Aim of the exercise> Take the data that sits below and write it out again exactly.

Given records>
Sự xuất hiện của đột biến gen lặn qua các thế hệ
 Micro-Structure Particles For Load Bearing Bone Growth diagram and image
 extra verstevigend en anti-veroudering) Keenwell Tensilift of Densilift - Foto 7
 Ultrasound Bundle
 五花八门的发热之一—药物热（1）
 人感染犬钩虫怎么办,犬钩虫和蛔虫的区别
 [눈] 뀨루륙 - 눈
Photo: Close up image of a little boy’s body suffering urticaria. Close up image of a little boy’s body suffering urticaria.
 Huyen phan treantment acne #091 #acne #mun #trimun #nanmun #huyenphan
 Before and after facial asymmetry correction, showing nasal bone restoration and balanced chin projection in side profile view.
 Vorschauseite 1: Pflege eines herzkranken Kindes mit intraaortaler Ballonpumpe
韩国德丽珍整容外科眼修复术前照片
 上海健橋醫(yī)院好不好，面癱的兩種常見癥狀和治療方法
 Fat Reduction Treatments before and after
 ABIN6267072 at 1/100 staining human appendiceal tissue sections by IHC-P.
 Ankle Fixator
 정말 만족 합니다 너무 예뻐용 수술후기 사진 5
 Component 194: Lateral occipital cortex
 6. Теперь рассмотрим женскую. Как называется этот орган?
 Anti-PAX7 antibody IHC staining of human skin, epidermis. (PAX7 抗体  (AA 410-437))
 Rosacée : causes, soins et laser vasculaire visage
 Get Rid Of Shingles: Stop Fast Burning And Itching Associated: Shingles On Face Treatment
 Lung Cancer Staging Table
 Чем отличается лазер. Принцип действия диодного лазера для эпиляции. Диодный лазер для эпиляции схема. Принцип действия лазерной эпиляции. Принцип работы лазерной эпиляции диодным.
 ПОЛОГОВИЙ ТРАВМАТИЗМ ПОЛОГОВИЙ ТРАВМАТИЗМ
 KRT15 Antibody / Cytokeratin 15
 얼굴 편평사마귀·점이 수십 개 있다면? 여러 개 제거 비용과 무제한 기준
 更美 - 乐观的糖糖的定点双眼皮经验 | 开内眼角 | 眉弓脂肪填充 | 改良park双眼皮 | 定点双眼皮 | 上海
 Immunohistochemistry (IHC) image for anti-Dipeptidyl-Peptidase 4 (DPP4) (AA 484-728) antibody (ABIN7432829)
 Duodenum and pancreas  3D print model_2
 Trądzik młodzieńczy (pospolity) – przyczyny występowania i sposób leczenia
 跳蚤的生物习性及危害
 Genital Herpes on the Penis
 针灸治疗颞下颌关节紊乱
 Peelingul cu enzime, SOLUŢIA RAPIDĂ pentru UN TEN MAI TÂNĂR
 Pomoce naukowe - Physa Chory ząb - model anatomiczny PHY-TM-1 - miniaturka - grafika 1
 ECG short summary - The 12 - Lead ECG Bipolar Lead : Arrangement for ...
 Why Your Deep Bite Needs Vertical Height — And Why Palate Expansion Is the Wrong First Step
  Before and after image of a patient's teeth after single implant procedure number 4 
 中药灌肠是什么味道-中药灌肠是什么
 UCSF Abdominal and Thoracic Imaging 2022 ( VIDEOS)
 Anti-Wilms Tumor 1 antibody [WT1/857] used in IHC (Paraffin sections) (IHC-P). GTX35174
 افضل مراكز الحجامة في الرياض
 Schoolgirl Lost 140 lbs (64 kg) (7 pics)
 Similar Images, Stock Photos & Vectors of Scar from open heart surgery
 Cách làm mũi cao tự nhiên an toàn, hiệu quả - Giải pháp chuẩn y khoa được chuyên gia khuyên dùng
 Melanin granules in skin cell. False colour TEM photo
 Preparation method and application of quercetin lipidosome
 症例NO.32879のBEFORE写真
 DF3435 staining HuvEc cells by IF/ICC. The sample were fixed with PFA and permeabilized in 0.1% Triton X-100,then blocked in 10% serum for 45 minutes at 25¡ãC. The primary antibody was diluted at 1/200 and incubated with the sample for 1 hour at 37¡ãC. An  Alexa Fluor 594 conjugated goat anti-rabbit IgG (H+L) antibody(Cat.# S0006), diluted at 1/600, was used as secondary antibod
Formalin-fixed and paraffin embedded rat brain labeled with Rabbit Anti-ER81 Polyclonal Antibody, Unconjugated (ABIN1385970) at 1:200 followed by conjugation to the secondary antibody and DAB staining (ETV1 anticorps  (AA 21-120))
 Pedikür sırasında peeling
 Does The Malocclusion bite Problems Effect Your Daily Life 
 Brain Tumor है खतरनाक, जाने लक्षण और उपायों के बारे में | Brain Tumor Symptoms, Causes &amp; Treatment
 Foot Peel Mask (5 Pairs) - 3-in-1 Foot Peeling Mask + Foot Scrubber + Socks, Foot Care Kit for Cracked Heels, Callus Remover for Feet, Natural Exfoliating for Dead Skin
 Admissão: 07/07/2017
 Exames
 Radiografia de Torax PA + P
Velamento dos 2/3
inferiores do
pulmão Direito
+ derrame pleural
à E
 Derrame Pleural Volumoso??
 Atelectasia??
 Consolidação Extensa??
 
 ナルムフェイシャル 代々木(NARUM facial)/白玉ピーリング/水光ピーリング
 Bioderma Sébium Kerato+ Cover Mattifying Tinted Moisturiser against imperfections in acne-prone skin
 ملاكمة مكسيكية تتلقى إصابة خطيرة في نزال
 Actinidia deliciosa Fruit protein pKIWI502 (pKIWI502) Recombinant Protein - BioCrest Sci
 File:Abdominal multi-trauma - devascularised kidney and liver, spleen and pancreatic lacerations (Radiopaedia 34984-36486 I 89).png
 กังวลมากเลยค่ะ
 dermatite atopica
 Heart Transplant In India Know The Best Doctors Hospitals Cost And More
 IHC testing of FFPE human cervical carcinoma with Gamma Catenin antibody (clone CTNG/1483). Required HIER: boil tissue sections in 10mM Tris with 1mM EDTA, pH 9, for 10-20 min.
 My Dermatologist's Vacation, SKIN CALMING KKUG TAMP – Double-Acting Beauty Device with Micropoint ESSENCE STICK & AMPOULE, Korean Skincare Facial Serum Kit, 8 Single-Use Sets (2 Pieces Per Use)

Problem solution>
Sự xuất hiện của đột biến gen lặn qua các thế hệ
 Micro-Structure Particles For Load Bearing Bone Growth diagram and image
 extra verstevigend en anti-veroudering) Keenwell Tensilift of Densilift - Foto 7
 Ultrasound Bundle
 五花八门的发热之一—药物热（1）
 人感染犬钩虫怎么办,犬钩虫和蛔虫的区别
 [눈] 뀨루륙 - 눈
Photo: Close up image of a little boy’s body suffering urticaria. Close up image of a little boy’s body suffering urticaria.
 Huyen phan treantment acne #091 #acne #mun #trimun #nanmun #huyenphan
 Before and after facial asymmetry correction, showing nasal bone restoration and balanced chin projection in side profile view.
 Vorschauseite 1: Pflege eines herzkranken Kindes mit intraaortaler Ballonpumpe
韩国德丽珍整容外科眼修复术前照片
 上海健橋醫(yī)院好不好，面癱的兩種常見癥狀和治療方法
 Fat Reduction Treatments before and after
 ABIN6267072 at 1/100 staining human appendiceal tissue sections by IHC-P.
 Ankle Fixator
 정말 만족 합니다 너무 예뻐용 수술후기 사진 5
 Component 194: Lateral occipital cortex
 6. Теперь рассмотрим женскую. Как называется этот орган?
 Anti-PAX7 antibody IHC staining of human skin, epidermis. (PAX7 抗体  (AA 410-437))
 Rosacée : causes, soins et laser vasculaire visage
 Get Rid Of Shingles: Stop Fast Burning And Itching Associated: Shingles On Face Treatment
 Lung Cancer Staging Table
 Чем отличается лазер. Принцип действия диодного лазера для эпиляции. Диодный лазер для эпиляции схема. Принцип действия лазерной эпиляции. Принцип работы лазерной эпиляции диодным.
 ПОЛОГОВИЙ ТРАВМАТИЗМ ПОЛОГОВИЙ ТРАВМАТИЗМ
 KRT15 Antibody / Cytokeratin 15
 얼굴 편평사마귀·점이 수십 개 있다면? 여러 개 제거 비용과 무제한 기준
 更美 - 乐观的糖糖的定点双眼皮经验 | 开内眼角 | 眉弓脂肪填充 | 改良park双眼皮 | 定点双眼皮 | 上海
 Immunohistochemistry (IHC) image for anti-Dipeptidyl-Peptidase 4 (DPP4) (AA 484-728) antibody (ABIN7432829)
 Duodenum and pancreas  3D print model_2
 Trądzik młodzieńczy (pospolity) – przyczyny występowania i sposób leczenia
 跳蚤的生物习性及危害
 Genital Herpes on the Penis
 针灸治疗颞下颌关节紊乱
 Peelingul cu enzime, SOLUŢIA RAPIDĂ pentru UN TEN MAI TÂNĂR
 Pomoce naukowe - Physa Chory ząb - model anatomiczny PHY-TM-1 - miniaturka - grafika 1
 ECG short summary - The 12 - Lead ECG Bipolar Lead : Arrangement for ...
 Why Your Deep Bite Needs Vertical Height — And Why Palate Expansion Is the Wrong First Step
  Before and after image of a patient's teeth after single implant procedure number 4 
 中药灌肠是什么味道-中药灌肠是什么
 UCSF Abdominal and Thoracic Imaging 2022 ( VIDEOS)
 Anti-Wilms Tumor 1 antibody [WT1/857] used in IHC (Paraffin sections) (IHC-P). GTX35174
 افضل مراكز الحجامة في الرياض
 Schoolgirl Lost 140 lbs (64 kg) (7 pics)
 Similar Images, Stock Photos & Vectors of Scar from open heart surgery
 Cách làm mũi cao tự nhiên an toàn, hiệu quả - Giải pháp chuẩn y khoa được chuyên gia khuyên dùng
 Melanin granules in skin cell. False colour TEM photo
 Preparation method and application of quercetin lipidosome
 症例NO.32879のBEFORE写真
 DF3435 staining HuvEc cells by IF/ICC. The sample were fixed with PFA and permeabilized in 0.1% Triton X-100,then blocked in 10% serum for 45 minutes at 25¡ãC. The primary antibody was diluted at 1/200 and incubated with the sample for 1 hour at 37¡ãC. An  Alexa Fluor 594 conjugated goat anti-rabbit IgG (H+L) antibody(Cat.# S0006), diluted at 1/600, was used as secondary antibod
Formalin-fixed and paraffin embedded rat brain labeled with Rabbit Anti-ER81 Polyclonal Antibody, Unconjugated (ABIN1385970) at 1:200 followed by conjugation to the secondary antibody and DAB staining (ETV1 anticorps  (AA 21-120))
 Pedikür sırasında peeling
 Does The Malocclusion bite Problems Effect Your Daily Life 
 Brain Tumor है खतरनाक, जाने लक्षण और उपायों के बारे में | Brain Tumor Symptoms, Causes &amp; Treatment
 Foot Peel Mask (5 Pairs) - 3-in-1 Foot Peeling Mask + Foot Scrubber + Socks, Foot Care Kit for Cracked Heels, Callus Remover for Feet, Natural Exfoliating for Dead Skin
 Admissão: 07/07/2017
 Exames
 Radiografia de Torax PA + P
Velamento dos 2/3
inferiores do
pulmão Direito
+ derrame pleural
à E
 Derrame Pleural Volumoso??
 Atelectasia??
 Consolidação Extensa??
 
 ナルムフェイシャル 代々木(NARUM facial)/白玉ピーリング/水光ピーリング
 Bioderma Sébium Kerato+ Cover Mattifying Tinted Moisturiser against imperfections in acne-prone skin
 ملاكمة مكسيكية تتلقى إصابة خطيرة في نزال
 Actinidia deliciosa Fruit protein pKIWI502 (pKIWI502) Recombinant Protein - BioCrest Sci
 File:Abdominal multi-trauma - devascularised kidney and liver, spleen and pancreatic lacerations (Radiopaedia 34984-36486 I 89).png
 กังวลมากเลยค่ะ
 dermatite atopica
 Heart Transplant In India Know The Best Doctors Hospitals Cost And More
 IHC testing of FFPE human cervical carcinoma with Gamma Catenin antibody (clone CTNG/1483). Required HIER: boil tissue sections in 10mM Tris with 1mM EDTA, pH 9, for 10-20 min.
 My Dermatologist's Vacation, SKIN CALMING KKUG TAMP – Double-Acting Beauty Device with Micropoint ESSENCE STICK & AMPOULE, Korean Skincare Facial Serum Kit, 8 Single-Use Sets (2 Pieces Per Use)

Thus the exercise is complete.